Training and Inference
DuPO is compatible with standard RL algorithms such as PPO and GRPO. During training, the model samples outputs for the primal task, computes the dual reconstruction, and uses the resulting reward to update the policy. At inference, DuPO can be used as a reranking mechanism: multiple candidate outputs are generated, and the one with the highest dual-task reward is selected, enabling performance gains without additional finetuning.
Empirical Results and Ablation Analysis
DuPO demonstrates substantial improvements across both mathematical reasoning and multilingual translation tasks. On translation, DuPO applied to Seed-X-7B-Instruct yields a +2.13 COMET improvement over 756 directions, matching or surpassing ultra-large models. In mathematical reasoning, DuPO consistently improves accuracy by 3.9–6.4 points across models from 1.5B to 7B parameters, with the Qwen3-4B model surpassing larger baselines.
Ablation studies confirm that the unknown component selection strategy is critical for stable optimization and noise reduction. Removing this mechanism leads to significant performance degradation, especially in smaller models.
Figure 2: Ablation results showing the impact of unknown component selection on mathematical reasoning performance for DeepSeek-R1-Distill-Qwen-1.5B and Qwen3-4B.
Implications and Future Directions
DuPO's model-agnostic and annotation-free design positions it as a scalable solution for LLM optimization across diverse domains. The framework's ability to generate reliable self-supervised rewards without external labels or handcrafted rules addresses a major bottleneck in LLM development. The dual-task construction is flexible and can be adapted to a wide range of tasks, including code generation, dialogue, and potentially open-ended instruction following.
However, the computational overhead of unknown component selection and dual task construction, especially in mathematical reasoning, remains a practical limitation. Further research into efficient or learnable selection mechanisms is warranted. Additionally, while DuPO demonstrates strong results on moderate-scale models, its scalability to ultra-large models and more open-ended tasks requires further empirical validation.
Conclusion
DuPO advances the state of LLM self-verification by introducing a generalized duality framework that enables reliable, annotation-free preference optimization.

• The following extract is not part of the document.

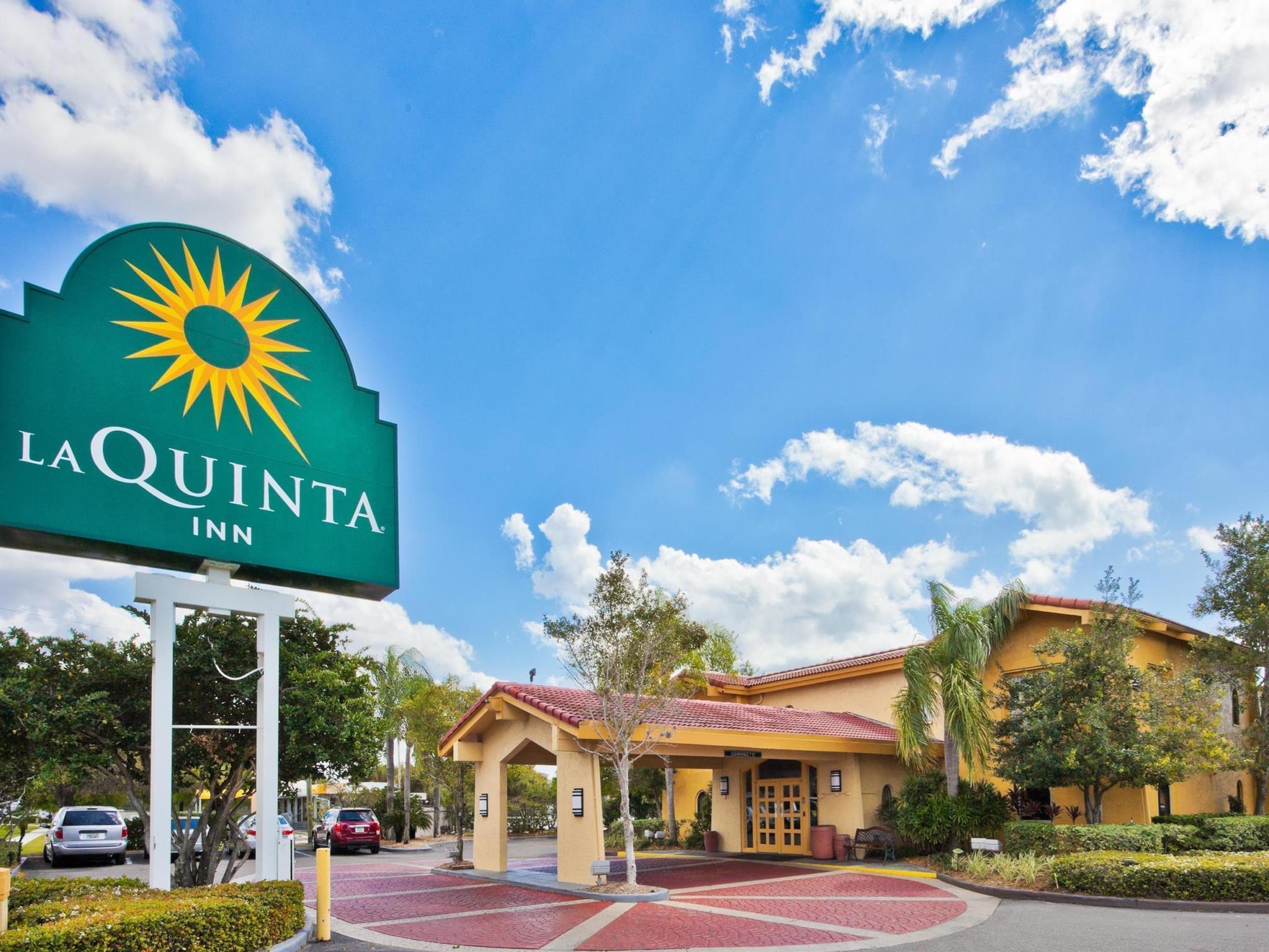 La Quinta Inn Tampa Airport Stadium Westshore Buitenkant foto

By decomposing tasks into known and unknown components and leveraging complementary dual tasks, DuPO overcomes the limitations of classic dual learning and RL-based methods. Empirical results across translation and reasoning tasks validate its effectiveness and robustness. The framework's flexibility and scalability suggest broad applicability, with future work needed to address computational efficiency and extend to more complex, open-ended domains.